* **What the task requires**:
Please copy each line of the records below that holds the word "Round".
Dataset section start
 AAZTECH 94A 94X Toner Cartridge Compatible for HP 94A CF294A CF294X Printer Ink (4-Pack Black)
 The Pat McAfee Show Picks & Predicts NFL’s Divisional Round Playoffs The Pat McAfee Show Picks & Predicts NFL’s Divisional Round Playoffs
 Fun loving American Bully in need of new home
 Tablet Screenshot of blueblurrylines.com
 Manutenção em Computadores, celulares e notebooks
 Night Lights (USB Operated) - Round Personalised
Dataset section end
Dataset section start
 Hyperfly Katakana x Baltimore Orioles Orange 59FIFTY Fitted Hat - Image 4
Dataset section end
* **The completed task**:
 The Pat McAfee Show Picks & Predicts NFL’s Divisional Round Playoffs The Pat McAfee Show Picks & Predicts NFL’s Divisional Round Playoffs
 Night Lights (USB Operated) - Round Personalised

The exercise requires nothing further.